RECIPE INGREDIENTS
(4-6 servings)
1 liter of whole milk
100 g of round rice (bomba type or similar)
100 g sugar (adjust to your taste)
1 cinnamon stick
The peel of 1 lemon (without the white part)
The peel of 1 orange (optional, for more aroma)
1 vanilla pod or a few drops of vanilla essence (optional)
A pinch of salt
Cinnamon powder for decoration
PREPARATION OF THE CREAMY RICE PUDDING RECIPE
In a large pot, pour the milk and add the cinnamon stick, lemon and orange peels, and vanilla pod (if using).
Heat over medium-low heat until piping hot, but not boiling. Let it steep for 5-10 minutes and remove from heat.
Wash the rice under cold water to remove some of the starch. This helps prevent it from sticking together.
Remove the skins and the cinnamon stick from the milk.
Reheat the milk over medium-low heat and add the rice. Stir well to prevent it from sticking to the bottom.

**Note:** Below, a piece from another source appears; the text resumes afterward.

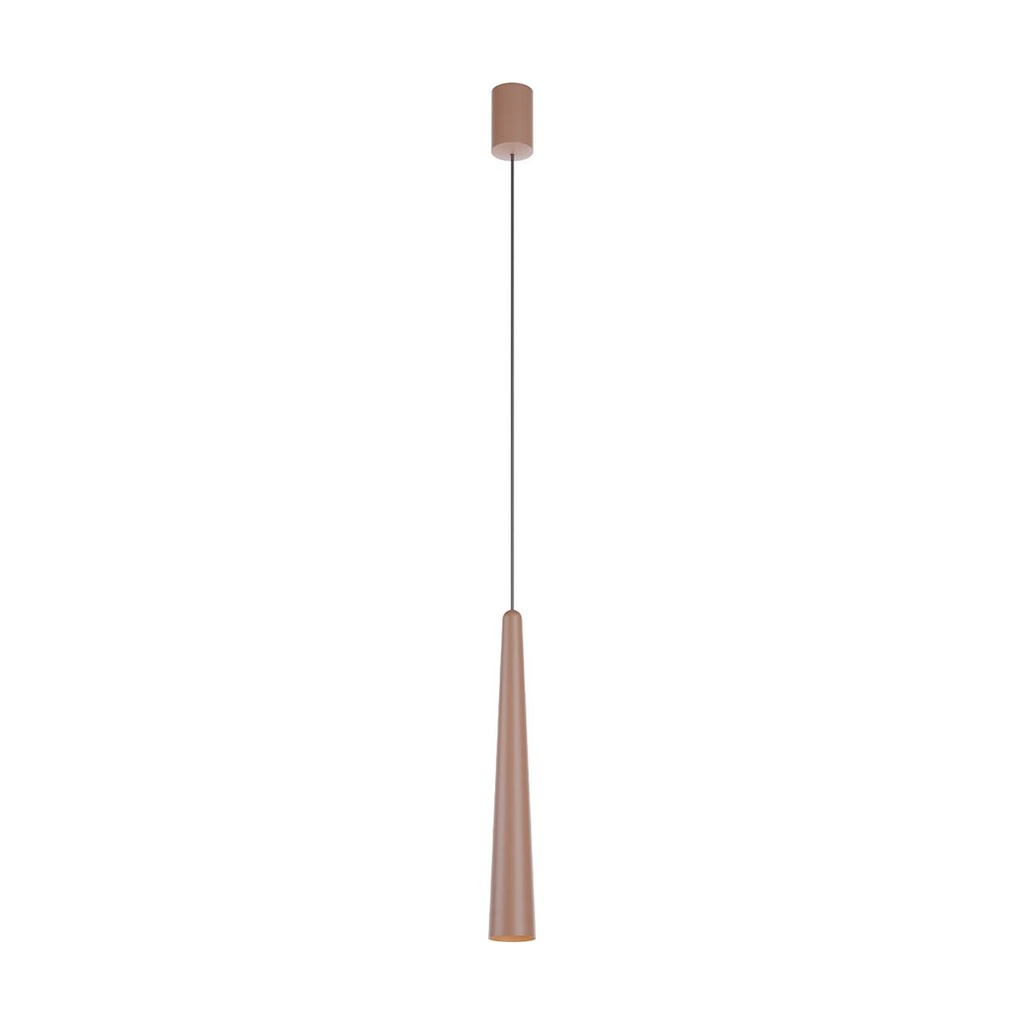 BOTERA SU D57x400 10W 3000K MATT AUBURN(4.1.2)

Cook the rice for about 35-40 minutes, stirring constantly, especially towards the end.
When the rice is tender and the mixture begins to thicken, add the sugar and a pinch of salt. Mix well until the sugar dissolves.
Cook for another 5 minutes, stirring. If you like it creamier, you can add a little cream (50-100 ml) at this stage.
Remove the pot from the heat and let the rice pudding rest for a few minutes.
Pour it into individual containers or a large serving dish.
Sprinkle with ground cinnamon and let cool to room temperature before refrigerating.
💡 FINAL TIPS
The trick to making it creamy is to stir often and cook over low heat. Patience is key.
If it thickens too much when cooled, you can add a little hot milk and mix.